O trabalhador do campo registrou o maior crescimento de renda entre todos os setores da economia brasileira. Dados da Pesquisa Nacional por Amostra de Domicílios Contínua (PNAD Contínua), divulgados pelo Instituto Brasileiro de Geografia e Estatística (IBGE), mostram que o rendimento médio mensal real nas atividades de agricultura, pecuária, produção florestal, pesca e aquicultura aumentou 7,3% na comparação anual (o equivalente a mais de R$ 157).

FOTO: Reprodução l Sociedade Nacional de Agricultura
O resultado reforça a importância da agropecuária, especialmente da pecuária, como motor de geração de renda no meio rural. Para o produtor, o dado sinaliza um cenário de maior valorização da mão de obra, profissionalização das atividades no campo e fortalecimento da base produtiva que sustenta a cadeia pecuária.
Com o avanço do setor, o rendimento médio real habitual de todos os trabalhos no país atingiu R$ 3.574, o maior valor já registrado pela série histórica da PNAD Contínua. A massa de rendimento também bateu recorde, alcançando R$ 363,7 bilhões, refletindo maior circulação de recursos na economia, inclusive nas regiões com forte presença agropecuária.
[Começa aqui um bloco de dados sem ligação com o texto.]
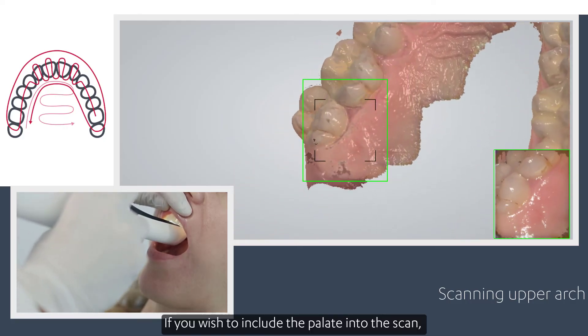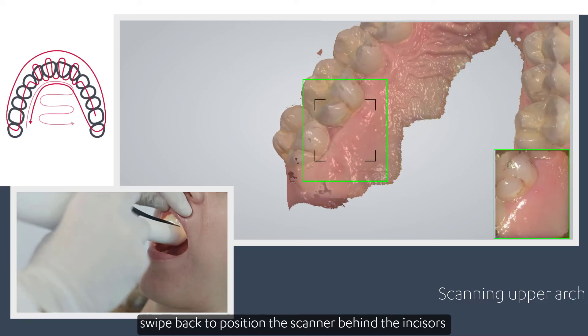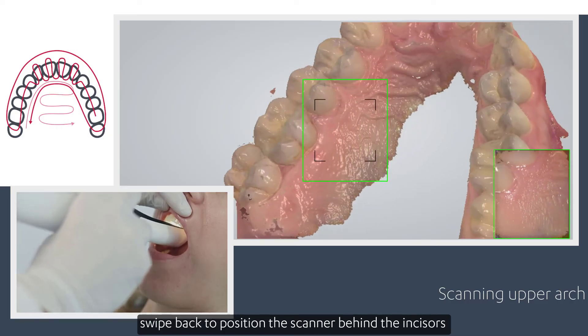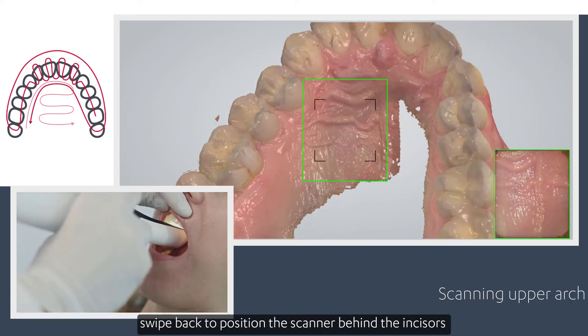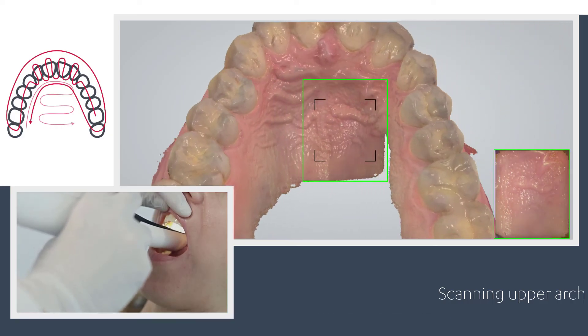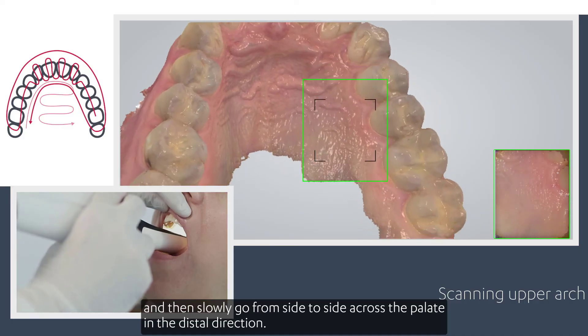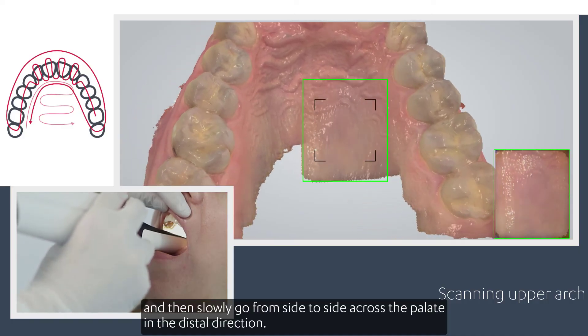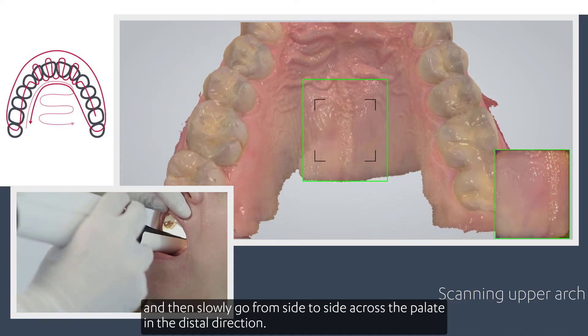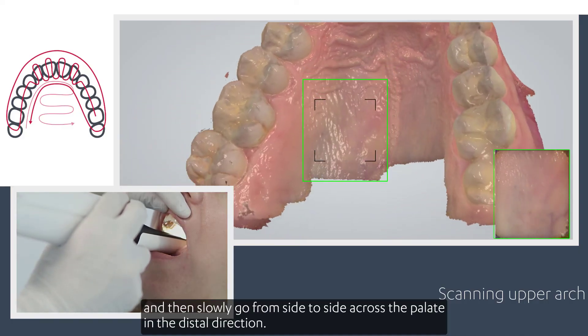If you wish to include the palate into the scan, swipe back to position the scanner behind the incisors and then slowly go from side to side across the palate in the distal direction.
Na avaliação do ministro da Agricultura e Pecuária, Carlos Fávaro, o desempenho positivo da renda do trabalhador do campo está diretamente ligado à força do agro e às políticas voltadas para o setor. Segundo ele, o crescimento do rendimento representa mais dignidade para quem vive da produção rural e contribui diariamente para o abastecimento de alimentos no país.